Como muchos asesinos a sueldo, el Polkas trabajaba como oficial de policía cuando lo reclutó el cartel. Cuando era sicario, su único trabajo era llevar a cabo secuestros y ejecuciones. Le suministraban suficientes armas y municiones, al igual que whiskey Buchanan’s y grandes cantidades de cocaína. La información sobre el objetivo –un nombre o una fotografía que le texteaban– le llegaba cuando iba de camino a una ubicación. Las interrogaciones se hacían en un rancho o en una casa segura. Los cuerpos se enterraban en tumbas clandestinas. Dice que mató personalmente a 32 personas antes de salir de los Zetas, por exención especial del jefe, Heriberto Lazcano. (De casualidad, Lazcano, un exparamilitar que lideró los Zetas desde 2006 hasta su muerte en un tiroteo en 2012, estuvo en la misma unidad de fuerzas especiales de Navarro.) Lazcano le permitió al Polkas dejar el cartel con la condición de ocultarse.

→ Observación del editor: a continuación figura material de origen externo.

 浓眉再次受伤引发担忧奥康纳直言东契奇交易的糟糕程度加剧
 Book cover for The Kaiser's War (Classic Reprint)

El Polkas dice que los Zetas empezaron a vender gasolina robada alrededor de 2010, cuando el cartel estaba siendo asediado por rivales y por el ejército. "Todo el mundo había empezado a pelear", dice. "Estábamos perdiendo dinero." Los primeros robos fueron secuestros oportunistas de camiones de petróleo, pero al poco tiempo empezaron a abrir grifos en los gasoductos directamente. Lo encontraron extremadamente beneficioso, sin ninguna necesidad de contrabandear el producto a través de la frontera cada vez más militarizada con Estados Unidos, y con un mercado mucho más amplio que el de las drogas ilegales. "Todo el mundo necesita gasolina", dice el Polka. "Siempre vas a tener clientes. Especialmente si es barata."
En un arreglo típico, dice, los Zetas designan a un oficial de policía o de tránsito de la nómina del cartel para que supervise a un equipo de huachicoleros, que reciben entre 500 y 1.000 pesos mexicanos para hacer el trabajo sucio y peligroso de abrir grifos en los oleoductos. Son alrededor de 40 dólares, un buen salario para un trabajo manual en México, pero si cometen un error, como perder gasolina a manos del ejército, o iniciar accidentalmente un incendio, el castigo es la muerte. El día del jale, salen en una flota de pickups robadas con sus barriles de 1.000 litros. La ubicación en general sale de una pista de un empleado de Pemex, un punto no vigilado donde se espera que pase una tanda de combustible. Si el oleoducto está enterrado, lo cavan. Si está sellado, lo cincelan hasta abrirlo. El proceso de perforar los caños es la operación más delicada. Primero sueldan una válvula con una boquilla en la superficie, después usan una barrena para hacer un agujero. Mientras les llueve gasolina con alta presión en la cara, atornillan una manguera en la boquilla y usan la válvula para controlar el flujo. Cuando la manguera está conectada, les lleva menos de un minuto llenar un "balde", un contenedor cuadrado de plástico que entra en la caja de una pickup de media tonelada.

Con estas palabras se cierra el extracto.